~決別~・3

 道中魔物を退けながらようやく花畑に辿り着いた一行が見た光景は入れ違いに消えていく王とその手から解放され糸の切れた人形のように崩れ落ちる騎士の姿だった。


「騎士団長!」

「教官っ!」


 オグマとデューがそれぞれ叫ぶその声に意識を繋ぎ止められたスタードはどうして、と呻く。


「お前、オグマ……それ、に……そ、ち……少年、」

「喋らないで下さい!」


 苦悶の息でそれでも言葉を紡ごうとするスタードに駆け寄り一喝すると、オグマは淡く白い光を漂わせて集中する。


「……友愛の翼、その優しき抱擁で倒れし仲間に再び立ち上がる力を!」


 具現化した治癒術がまばゆい光の翼となり倒れた騎士を包み込む。

 放って置けば命はなかったであろう重傷をみるみる癒すほどの強力な術に苦痛を取り除かれ、スタードは驚きに目を丸くした。


「その術はリィムの……」

「もう、誰も喪いたくないんです……もちろん騎士団長、貴方も含めて」


 水浅葱の瞳には、悲痛な願いと決意が込められて。

 内気であったオグマをこれほどまでに強く突き動かすものに心当たりがあったのか、スタードは「そうか」と力なく色素の薄い睫毛を伏せた。


「ああそうだ、今の私はもう団長ではない。
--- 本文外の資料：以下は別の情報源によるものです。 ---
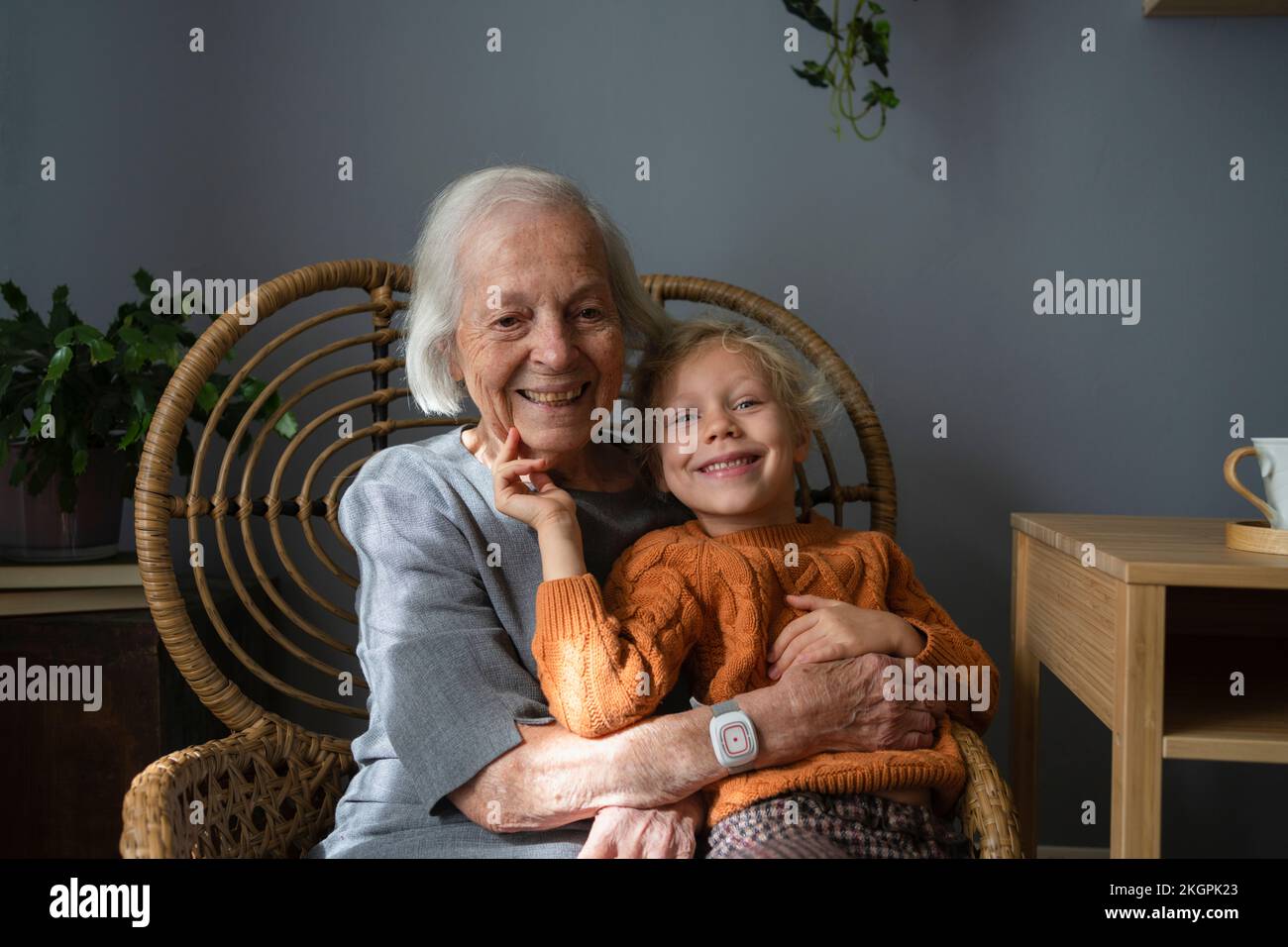 Happy grandmother embracing granddaughter on chair at home Stock Photo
数年前に退いて、そこの彼の言うように教官をしている……よく知っていたな、少年」

「えっ、えー……それはその……」


 まさかその少年が中身は大人で現役の騎士だなんて想像もしないスタードの視線に一瞬デュー達は顔を見合わせ……ミレニアとイシェルナは後方でこっそり笑いを噛み殺していた。
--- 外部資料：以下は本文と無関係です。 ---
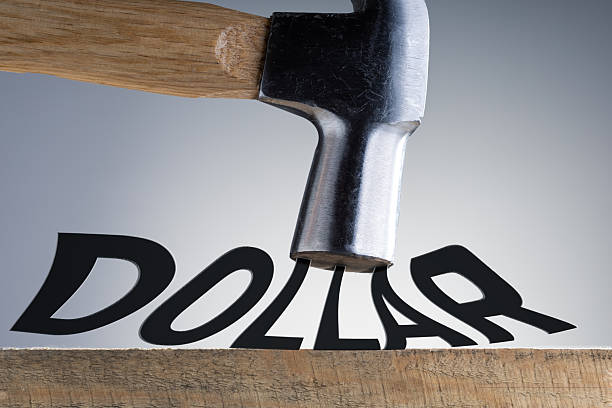 striking a dollar word, symbolizing financial crisis or dedollarisation on economic issues.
 スタードは彼らの反応の意味がわからずに首を傾げると、ダメージの残る身体でよろよろと立ち上がる。


「まあいい、私は行かなければ」

「む、無茶です! 命に別状はなくなったとはいえ、まだ体を休めないと……」

「そんな暇はない。王を止めねば、取り返しのつかぬことになる前に……」


 オグマの制止も聞かずに無理矢理モラセス王を追おうとするスタードに組み付き、普段の彼らしからぬ形相で睨んだのはリュナンだった。


「あああもう、騎士って奴はどいつもこいつもめんどくさいな!」

「な、放せ!」

「あんたさっきその王様にやられてたでしょ! それなのにもっかい行くとかせっかく拾った命わざわざ捨てるんですか!?」


 殴りかからんばかりの剣幕に気圧されて動きを止めたスタードの肩を掴んだままがっくりと項垂れるリュナンは、いつものしまりのない彼で、


「……頼むから、もっと若者を頼ってくださいよ……」


 その声には既に、さっきまでの勢いはなくなっていた。


 長く共に旅をしてきた仲間たちすら一瞬怯ませたそれがおさまったのを確認すると、ミレニアがやれやれと笑って、


「積もる話は後にして村まで運んで休ませて貰うかのう。村の者にはわしが事情を伝えておく」

「それでいいですね、スタード殿……リュナン、肩を貸してくれ」

「俺一人で運べますって」


 どやどやと賑やかになった花畑は、程なくして静けさを取り戻すのだった。